Make the Cream Cheese Layer
- Add the cream cheese and powdered sugar to a large mixing bowl or in the bowl of a stand mixer.
- Mix until smooth and then fold in one cup of whipped topping; set aside.
Mix up the Pudding
- Whisk together the pudding mix and cold milk. Let it set for 5-10 minutes until the pudding is thickened.
Assemble the Pie
- Spread the cream cheese mixture into the cooled pie crust.
- Add the pudding and spread over the cream cheese.
- Top with the remaining whipped topping and sprinkle with chopped pistachios, if desired.

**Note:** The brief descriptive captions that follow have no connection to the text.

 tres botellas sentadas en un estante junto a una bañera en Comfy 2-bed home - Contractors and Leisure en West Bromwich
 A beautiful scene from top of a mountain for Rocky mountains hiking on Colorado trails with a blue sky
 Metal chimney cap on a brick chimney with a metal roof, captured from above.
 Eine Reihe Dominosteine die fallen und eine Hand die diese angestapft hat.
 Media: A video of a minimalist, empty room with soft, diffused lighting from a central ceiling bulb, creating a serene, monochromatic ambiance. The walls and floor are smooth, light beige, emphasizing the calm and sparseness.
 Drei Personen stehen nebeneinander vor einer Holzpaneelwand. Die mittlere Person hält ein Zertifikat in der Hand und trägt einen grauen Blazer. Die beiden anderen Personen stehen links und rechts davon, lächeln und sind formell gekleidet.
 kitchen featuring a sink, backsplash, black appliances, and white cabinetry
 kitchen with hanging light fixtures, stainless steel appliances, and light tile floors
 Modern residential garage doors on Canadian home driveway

- Let chill for at least an hour to set up before serving.
Thanks, Kelsey!!
Made this today. Add pecan and maraschino cherries to cream cheese layer then pudding layer. Whip cream layer and then placed whole pecan and maraschino cherries pattern
Just a lovely presentation.
So glad you enjoyed it!! Sounds like you made it a very beautiful pie! 🙂
Love this pie . Thank you for sharing !
What temperature is oven to bake pie crust?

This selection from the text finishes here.